Making the correction
Making a proper correction after a missed shot placement can be a very tricky endeavor. In the event that the bullet impact is not where you or the shooter had intended, you potentially need to make a correction before firing again. I say potentially because there is a chance the shooter pulls the shot or breaks the trigger inadvertently. I like to quickly confirm with the shooter after the shot is called whether or not he or she felt they had made a good shot. If it is determined the shot was a good shot, give the shooter the appropriate elevation or windage correction and fire again. If the shot was pulled, making any sort of correction is often a mistake. In the experience I pointed out in the beginning of this article while hunting Kudu with Aaron, he couldn’t remember for 15 minutes following his shot if he had broke the trigger where he intended or not. Buck fever happens!
When I used to have free time in the summer to pursue hobbies I spent a fair amount of my leisure time on the golf course.

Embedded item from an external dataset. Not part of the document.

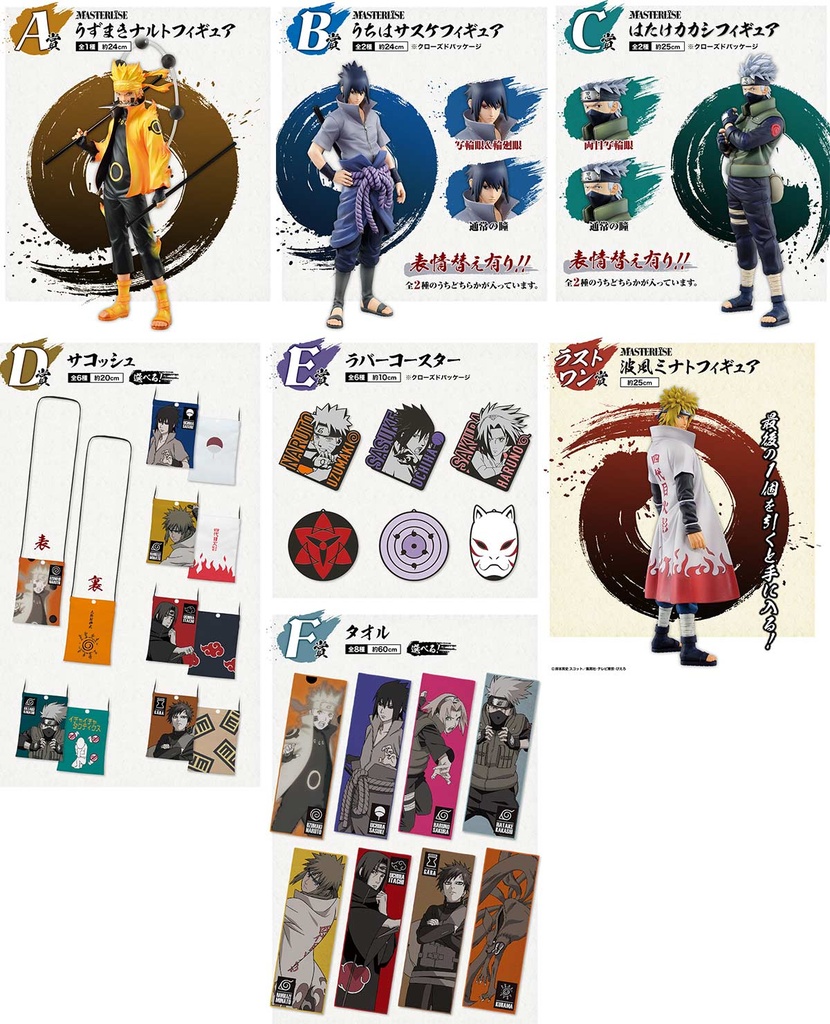 Ichiban Kuji - Naruto Shippuden Will of the Fire Spun (Full ctn of 80 tickets) Image_2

The relationship you need to develop is very similar to that of a golfer and his caddie. While it is very poor etiquette for a caddie to speak to the golfer during his backswing, this is not the case with the shooter / spotter relationship. The shooter has to learn to become comfortable with someone talking to them all the way through the shot.
I’ve always liked this definition of a caddie that I read some time ago. Great caddies aren't just handy with a rangefinder—they're accomplished sports psychologists, like corner men in boxing. Part of their job is to project confidence in their club selection or read of the green, so the player doesn't second-guess himself when he steps up to the ball.
This is exactly the role of a good spotter. Targets move, winds change, and obstacles arise in every shooting situation, be sure to communicate with your shooter right up until the moment that trigger is broken!